Knowledge of the role of cell-cycle regulators in the pathogenesis of acquired immune deficiency syndrome-related non-Hodgkin’s lymphomas (AIDS-NHLs) is scarce. Here we analyzed 86 systemic AIDS-NHLs and 20 AIDS-primary central nervous system lymphomas for expression of p27^Kip1, a negative regulator of cell-cycle progression belonging to the Kip family of cyclin-dependent kinase inhibitors. In parallel, we investigated the relationship between p27^Kip1, the lymphoma proliferation index, Epstein-Barr virus status, expression of cellular cyclin D3 and cyclin D1, and B-cell differentiation stage.
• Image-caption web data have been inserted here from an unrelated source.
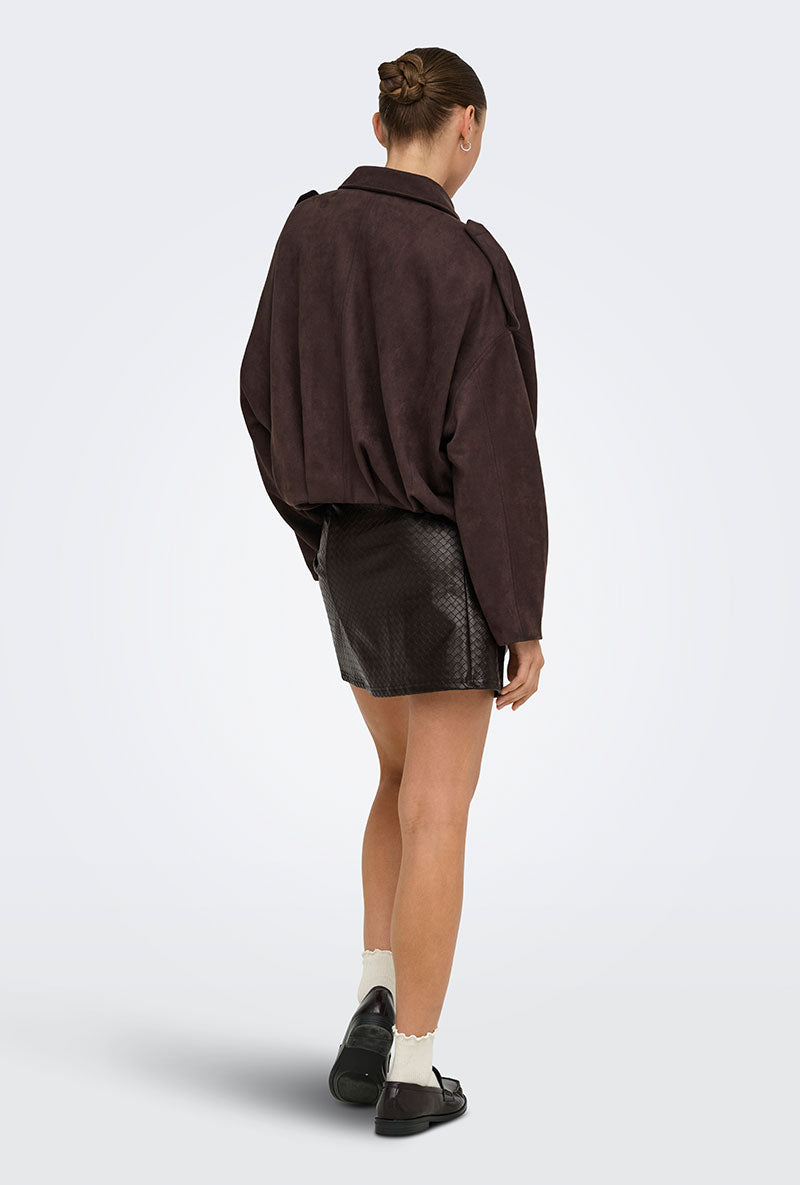 Back image of a model wearing Ella pu mini skirt in black, by brand Jacqueline de yong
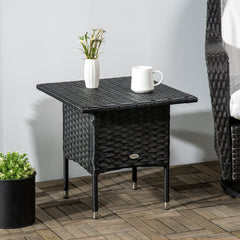 the rattan side table on a patio with a plant and a mug on top
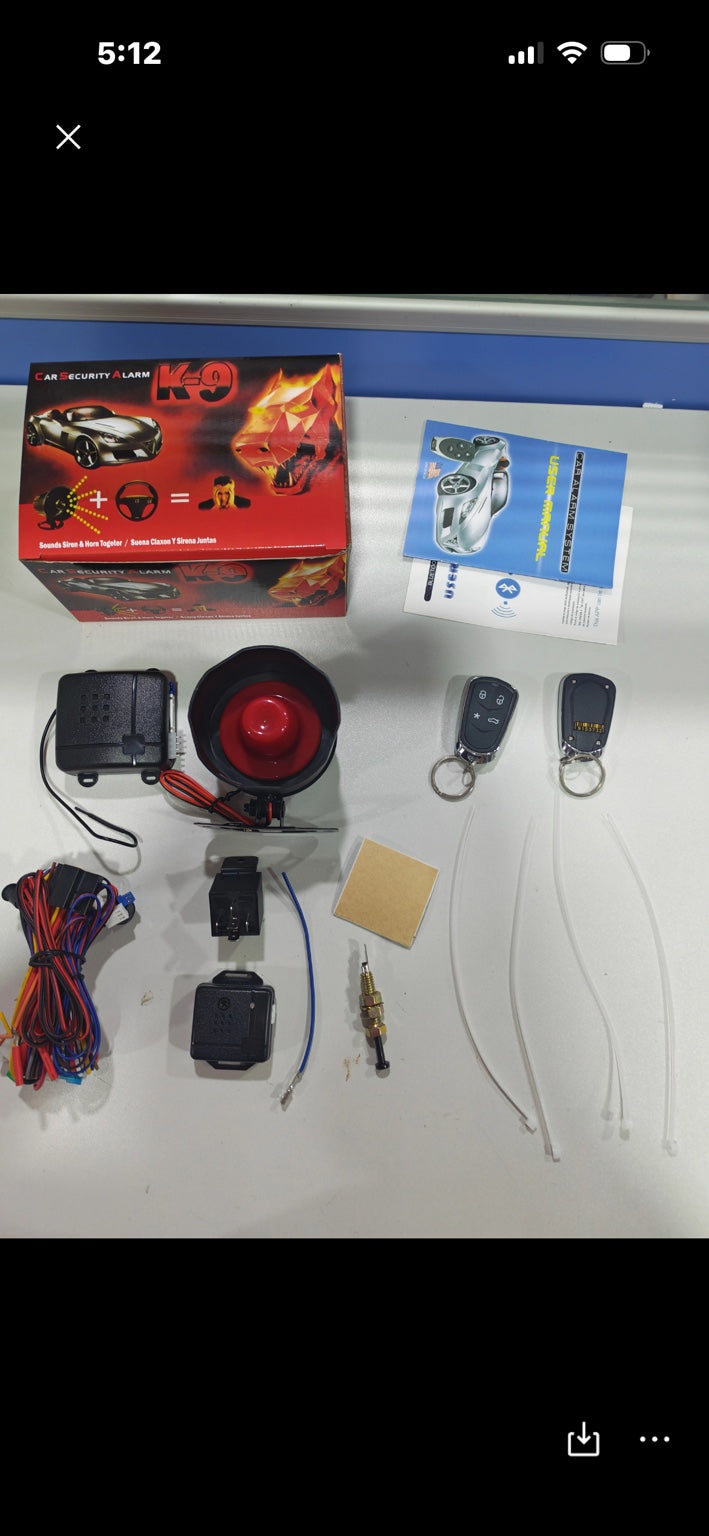 BT G01 vehicle alarm kit components including siren, wiring harnesses, remotes, control modules and manuals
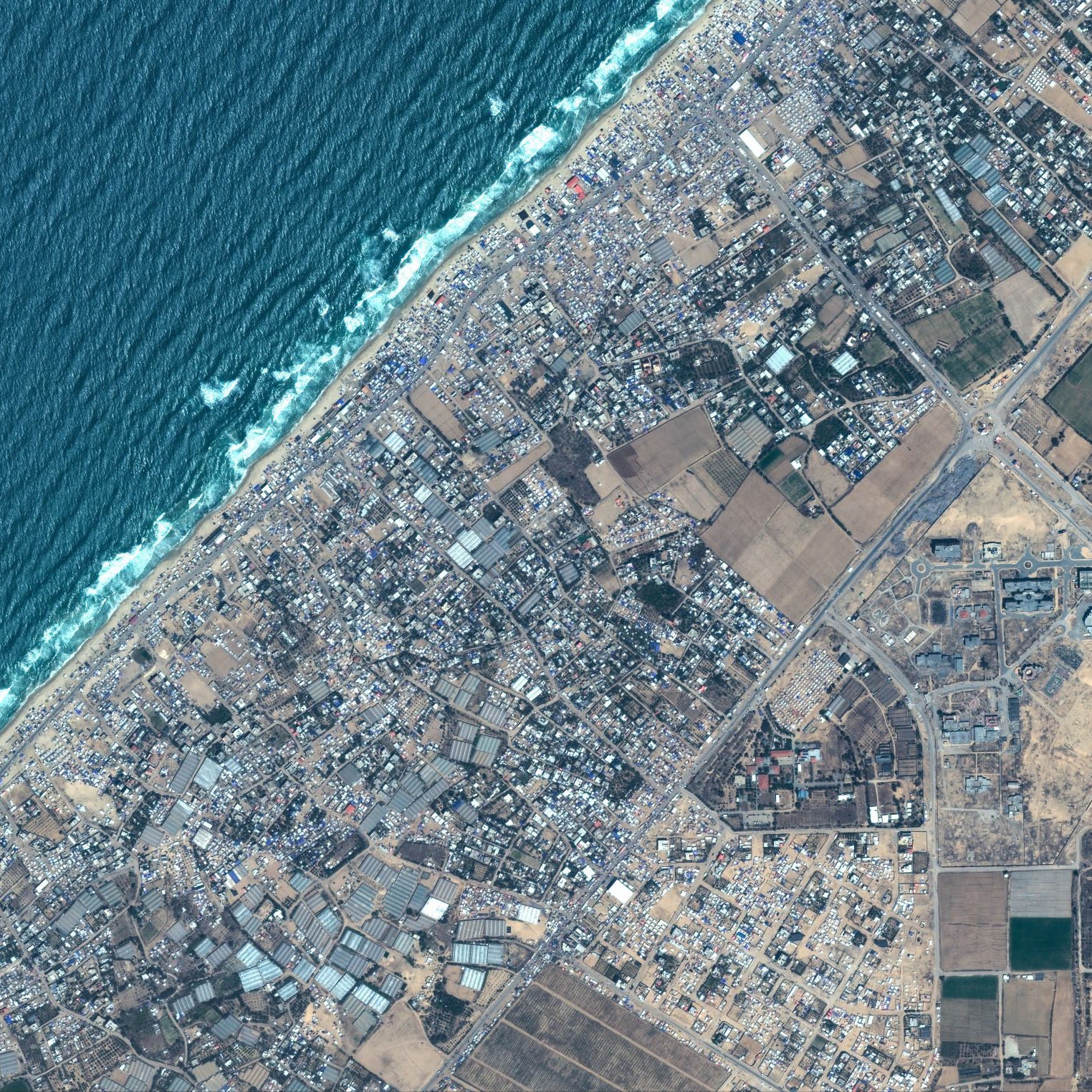 L'immagine mostra una vista aerea di un'area costiera. Si possono osservare le onde del mare che si infrangono sulla riva, evidenziando una linea di costa ben definita. L'area terrestre è caratterizzata da un mix di edifici e infrastrutture, con una disposizione varia di strade e terreni agricoli. I colori variano tra il blu dell'acqua, il verde delle aree coltivate e il grigio dei centri abitati e delle strutture urbane. L'immagine presenta un contrasto interessante tra le zone urbanizzate e quelle naturali.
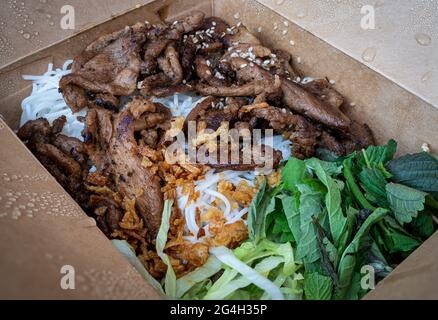 Vietnamesisches Gericht Bun Bo Nam Bo in einer Take-Out-Box - Rindfleisch, Nudeln, Bohnensprossen und Gemüse Stockfoto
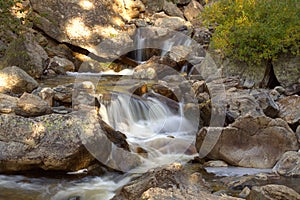 Water fall cascading down a mountain in late afternoon sunlight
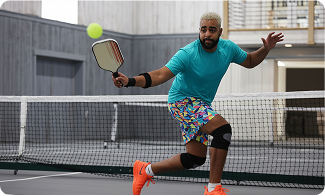 Player hitting a forehand shot during an indoor Texas Pickleball game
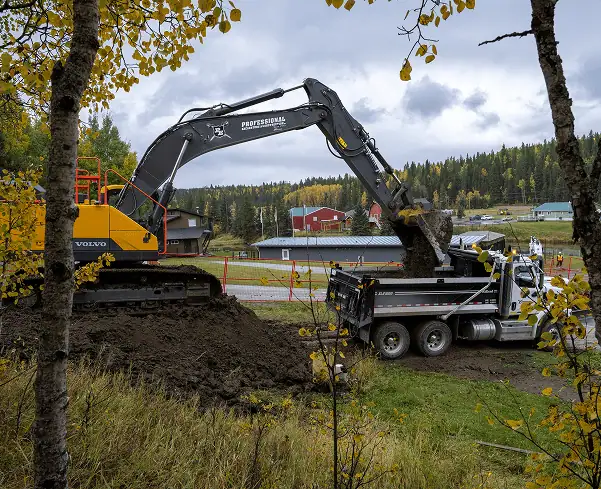 A professional excavator loads dirt into a dump truck at a construction site surrounded by autumn foliage, with buildings and a forested hillside in the background—exemplifying top-tier excavation services. - Professional Excavators & Construction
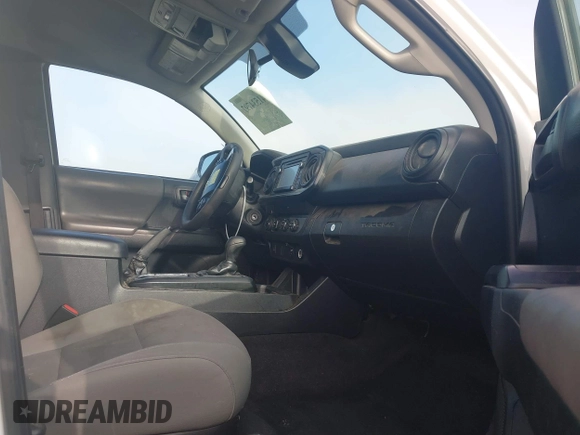 2019 Toyota Tacoma SR with VIN 5TFSX5EN0KX066774, listed as a IAAI auction lot 41534797 with 153,172 mi miles and . Bid and sale history available at DreamBid. Image 5.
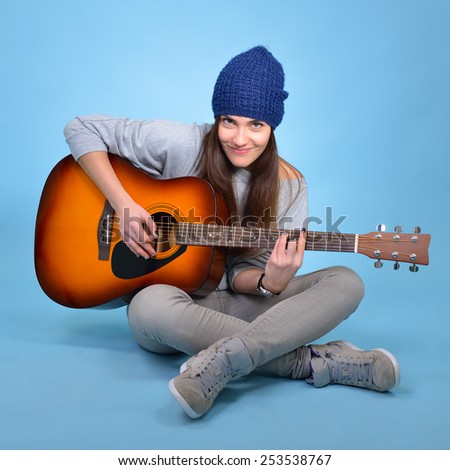young woman playing music on acoustic guitar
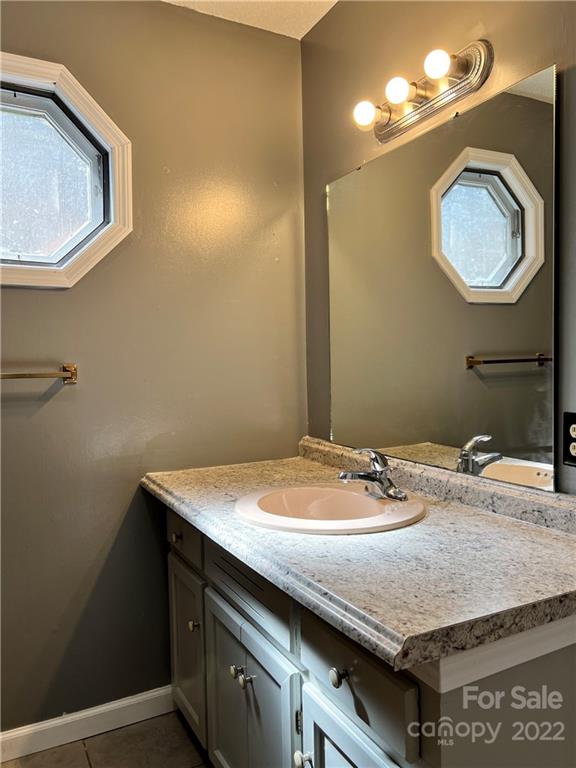 110 Joycetown Church Road Southwest Lenoir, NC 28645 - Photo 27 of 42 a bathroom with a granite countertop sink a mirror and vanity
We report that AIDS-immunoblastic lymphomas (AIDS-IBLs), either systemic or primarily localized to the central nervous system, consistently express p27^Kip1 protein (19 of 24 and 10 of 14, respectively) despite the high proliferative rate of the lymphoma clone, suggesting a failure of p27^Kip1 to inhibit the cell cycle in AIDS-IBL. Conversely, the remaining systemic AIDS-NHLs and AIDS-primary central nervous system lymphomas preferentially fail to express p27^Kip1. Expression of p27^Kip1 in Epstein-Barr virus-positive AIDS-NHLs generally associates with latent membrane protein 1 (LMP1) expression and is related to a late stage of B-cell differentiation, characterized by the BCL-6-/MUM1+/syn-1± phenotypic profile, whereas it seems to be unrelated to the expression of cellular cyclins. In B cells in vitro, induction of LMP-1 expression under the control of inducible promoters up-regulates expression of p27^Kip1, thus providing a putative mechanistic explanation for the association between LMP1 and p27^Kip1 observed in vivo. Overall, these data show that AIDS-IBL pathogenesis is characterized by loss of the inverse relationship between p27^Kip1 positivity and tumor growth fraction that is otherwise generally observed in normal lymphoid tissues and in most other types of NHLs.